Aerogel-based oil sorbents derived from pomelo (Citrus grandis L.) peels as potential gel matrices for food applications: Formation, properties and in-vitro oral processing

This study demonstrates the transformation of pomelo peel (PP) into aerogel templates for efficient rice bran oil absorption, producing effective oil sorbents. PP powder (5–10% w/w) of 125 and 250 μm particle sizes was emulsified with water, treated hydrothermally at 95 °C for 2 h, and freeze-dried to form aerogels. Upon immersion in oil, these templates formed gel-like sorbents. Aerogels with higher PP content exhibited an increase in density (from 26.65 to 77.75 mg/cm³), porosity (from 90.54% to 96.51%), and hardness (from 14.27 to 169.76 N), while cohesiveness decreased (from 40.00% to 21.59%) due to particle-to-particle interactions.
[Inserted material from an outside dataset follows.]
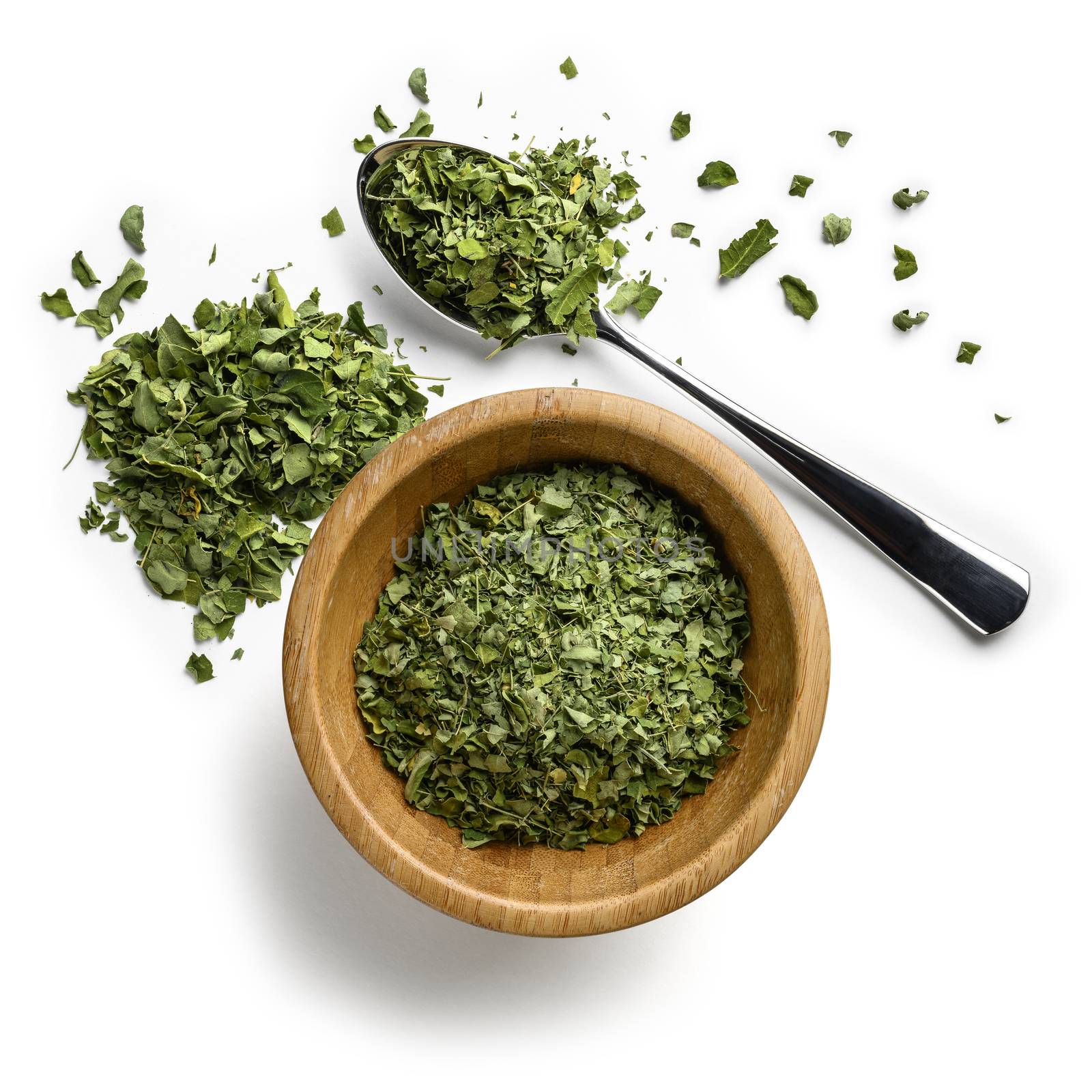 Dried Moringa on a white background. The view from the top.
The 250 μm PP-based aerogels with 5%–7% PP content demonstrated superior oil-holding capacity compared to the 125 μm ones; however, this capacity decreased as PP content increased from 8% to 10%. Microstructural analysis revealed a mix of mesopores and micropores, with mesopores dominating at lower PP concentrations. Fourier transform infrared spectroscopy (FTIR) analysis confirmed chemical changes post-treatment, yet no new peaks emerged after oil sorption, indicating a mainly physical process. Sorbents with lower PP content (5–6%) exhibited greater cohesiveness, increasing from 27.01% to 40.00%, due to particle-to-oil interaction, making them more suitable for food applications, as they broke down fully during in-vitro oral processing. Higher PP content (8%–10%) resulted in a high friction coefficient, rendering it unsuitable as a fat replacer. In contrast, sorbents with lower PP content sorbents (5%–7%) exhibited a decrease in lubrication as PP content increased, as indicated by measurements of oil release, droplet size, tribology, bolus fragmentation, and viscosity. This method offers potential for fat replacers and functional food ingredients.